- **Task to carry out**:
Taking the entries below, transcribe only the lines starting with the one with "Pink floral dress" and going on through the one with "Футболка supreme FW18", exactly as written, without the pictures.

- **Material supplied**:
== == ==
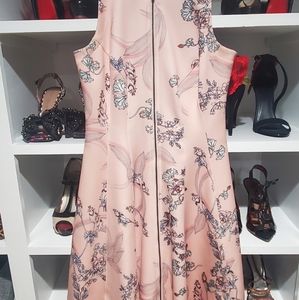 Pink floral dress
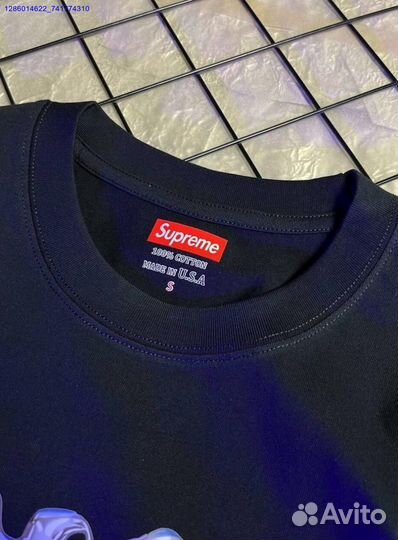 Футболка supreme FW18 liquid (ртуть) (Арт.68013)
== == ==
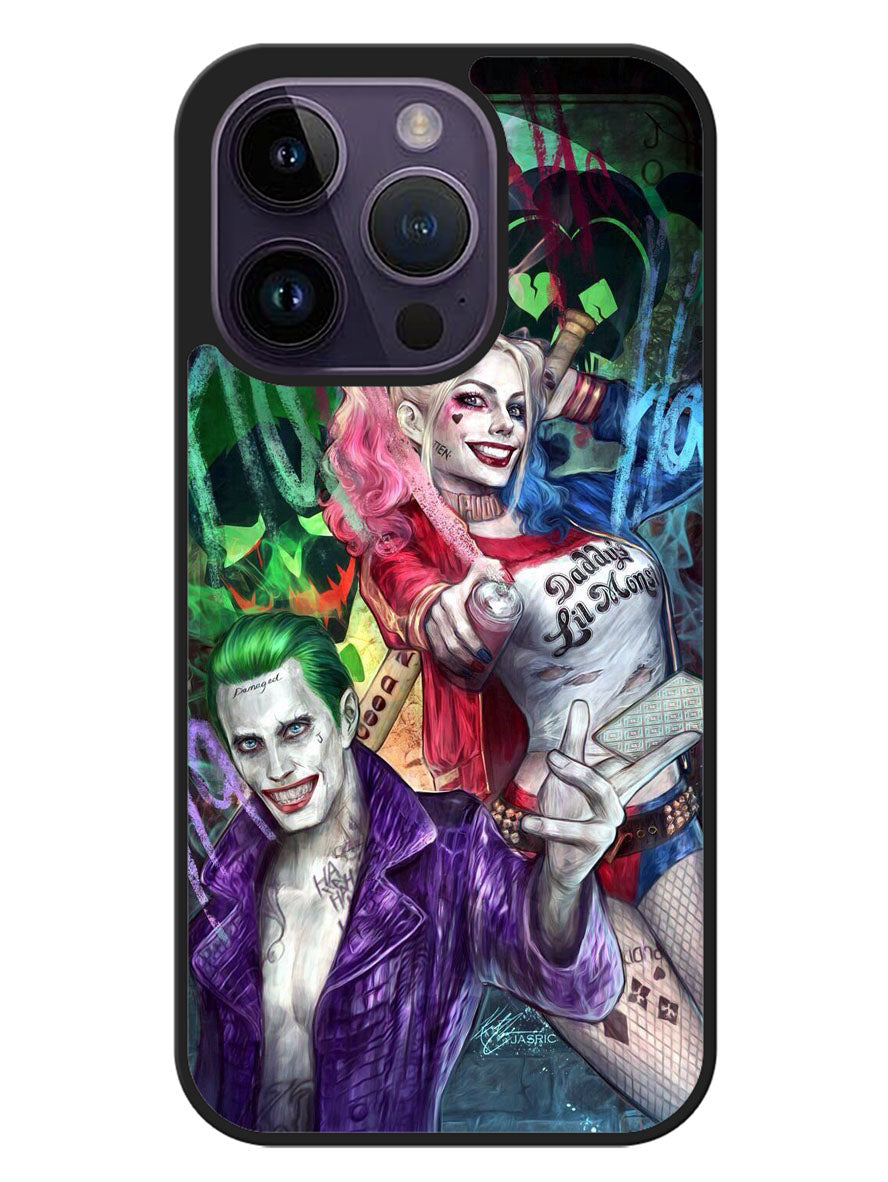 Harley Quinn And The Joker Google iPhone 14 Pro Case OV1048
== == ==
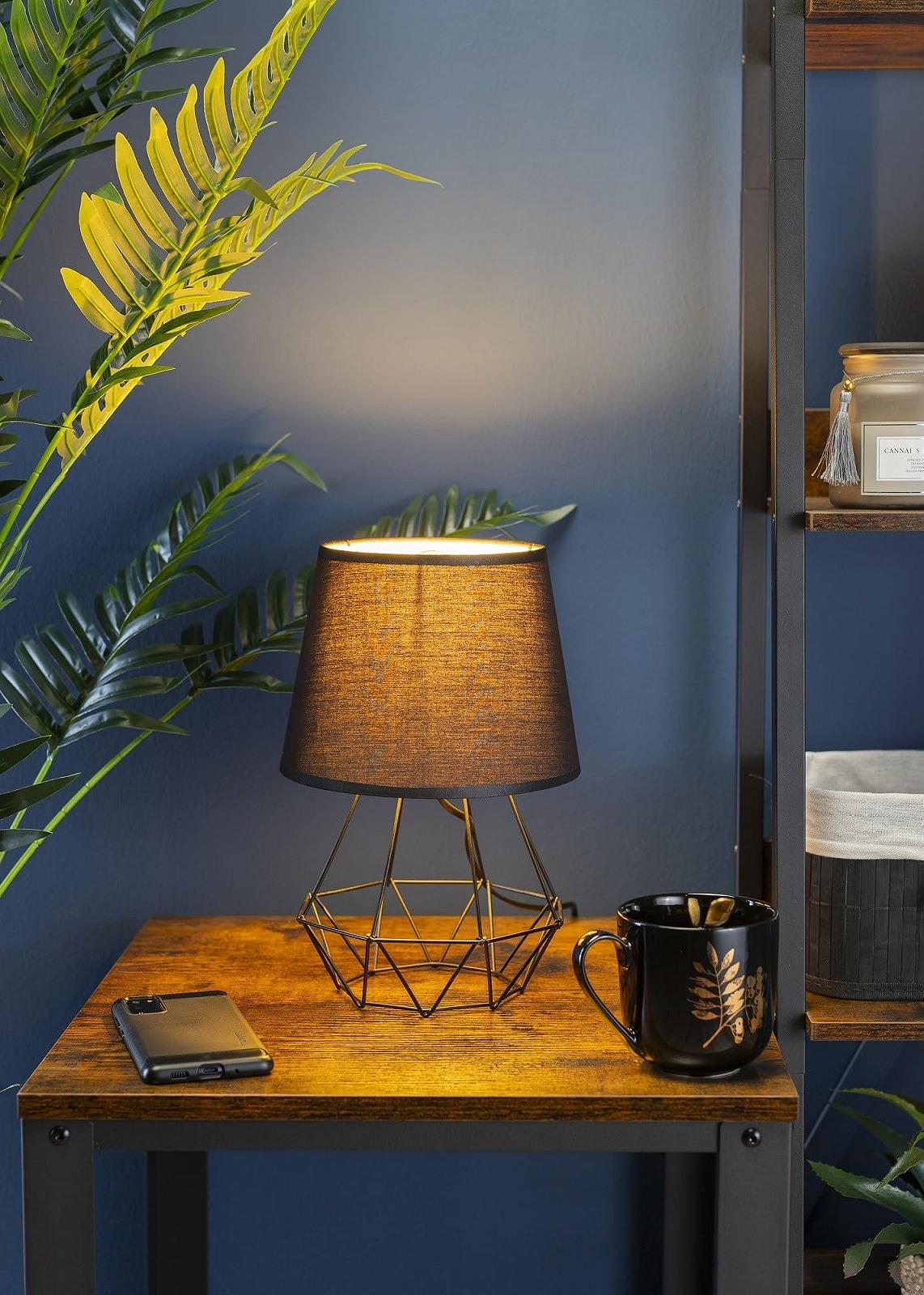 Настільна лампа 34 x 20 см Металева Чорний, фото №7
== == ==
- **Answer to the problem**:
 Pink floral dress
 Футболка supreme FW18 liquid (ртуть) (Арт.68013)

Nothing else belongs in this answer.